→ **What the task asks**
Make an exact copy of the whole listing, but leave its pictures out.

→ **The data**
○ ○ ○ ○ ○ ○ ○

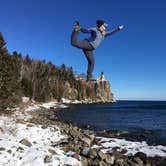 Review photo of Split Rock Lighthouse State Park Campground by Lili R., July 11, 2019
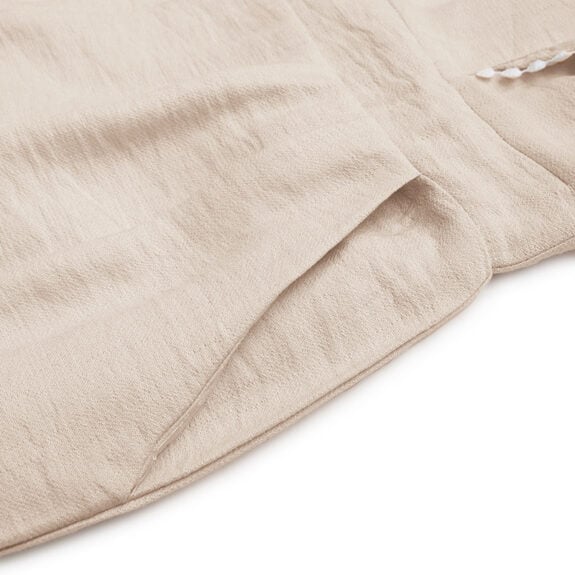 Ruffled Beige Boho Jumpsuit - imagine 8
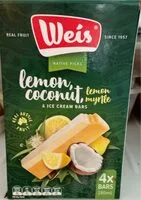 Mängden socker i Lemon coconut ice cream bars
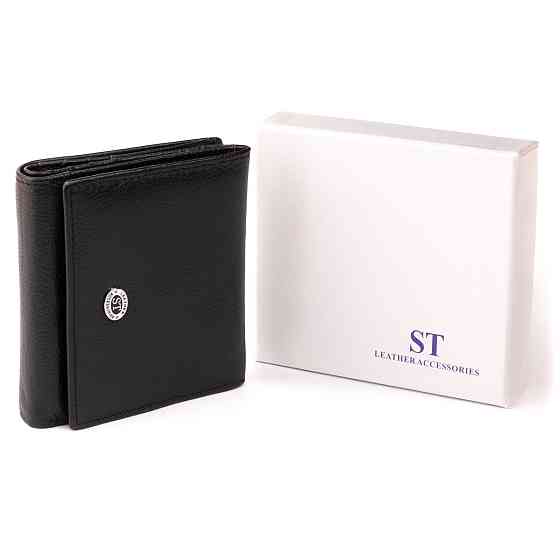 Компактний гаманець жіночий ST Leather 19256 Чорний Київ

○ ○ ○ ○ ○ ○ ○

→ **Answer to this task**
 Review photo of Split Rock Lighthouse State Park Campground by Lili R., July 11, 2019
 Ruffled Beige Boho Jumpsuit - imagine 8
 Mängden socker i Lemon coconut ice cream bars
 Компактний гаманець жіночий ST Leather 19256 Чорний Київ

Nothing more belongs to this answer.